# [Task to carry out]
Copying starts at the line containing "October was born" and stops after the last line of the records; each line is repeated exactly, and pictures are skipped.
══ Material provided ══
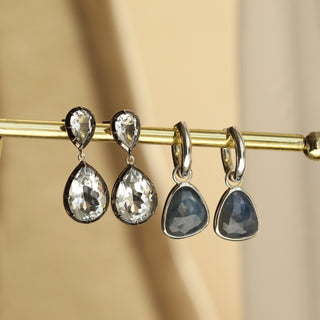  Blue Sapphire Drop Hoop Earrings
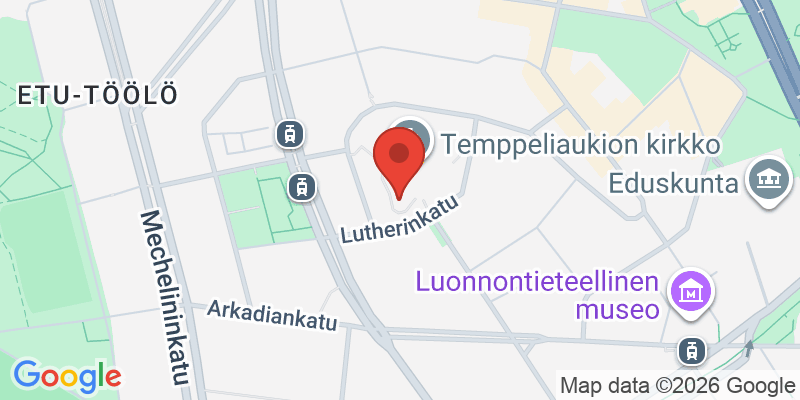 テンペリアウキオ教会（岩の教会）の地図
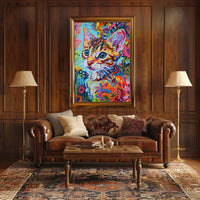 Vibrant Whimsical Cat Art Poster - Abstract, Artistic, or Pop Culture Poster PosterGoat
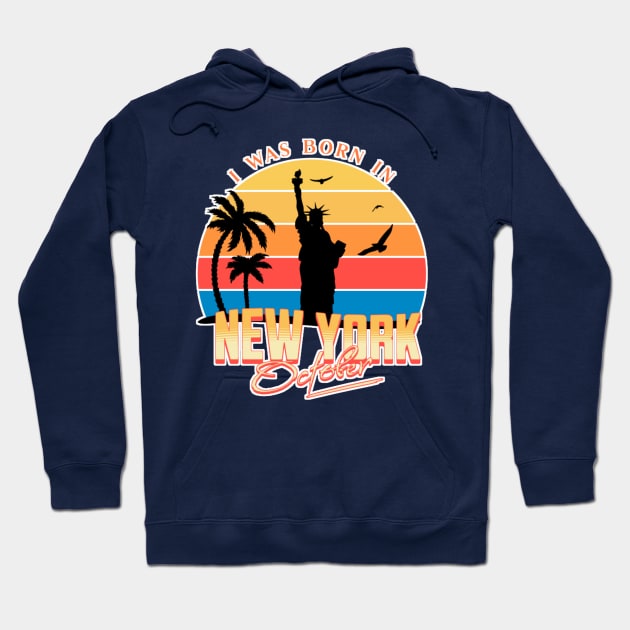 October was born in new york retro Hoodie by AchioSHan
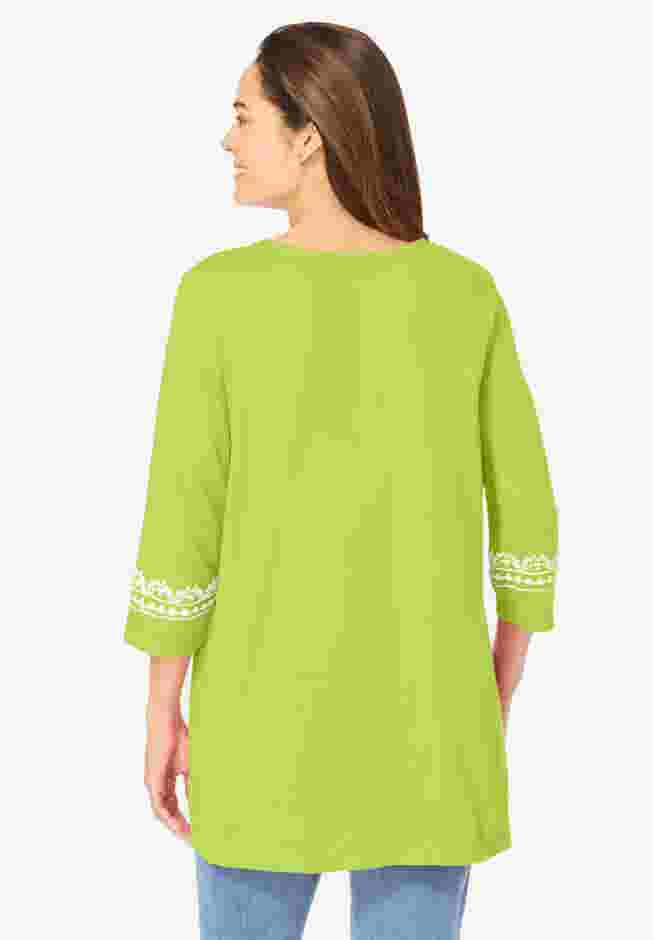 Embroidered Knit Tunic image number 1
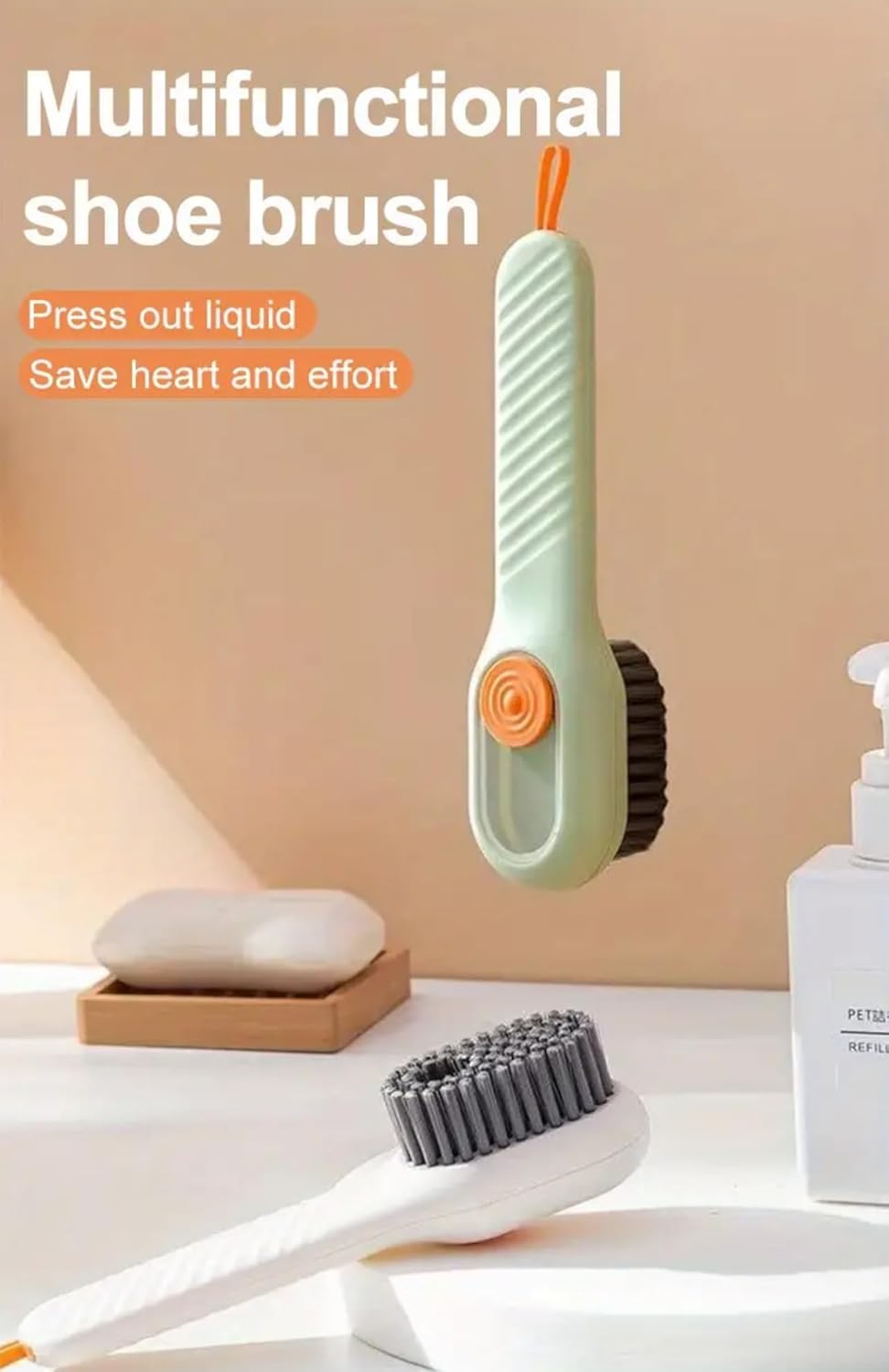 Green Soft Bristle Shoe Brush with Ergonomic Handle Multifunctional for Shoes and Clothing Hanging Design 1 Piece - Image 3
═══
# [Result for this task]
 October was born in new york retro Hoodie by AchioSHan
 Embroidered Knit Tunic image number 1
 Green Soft Bristle Shoe Brush with Ergonomic Handle Multifunctional for Shoes and Clothing Hanging Design 1 Piece - Image 3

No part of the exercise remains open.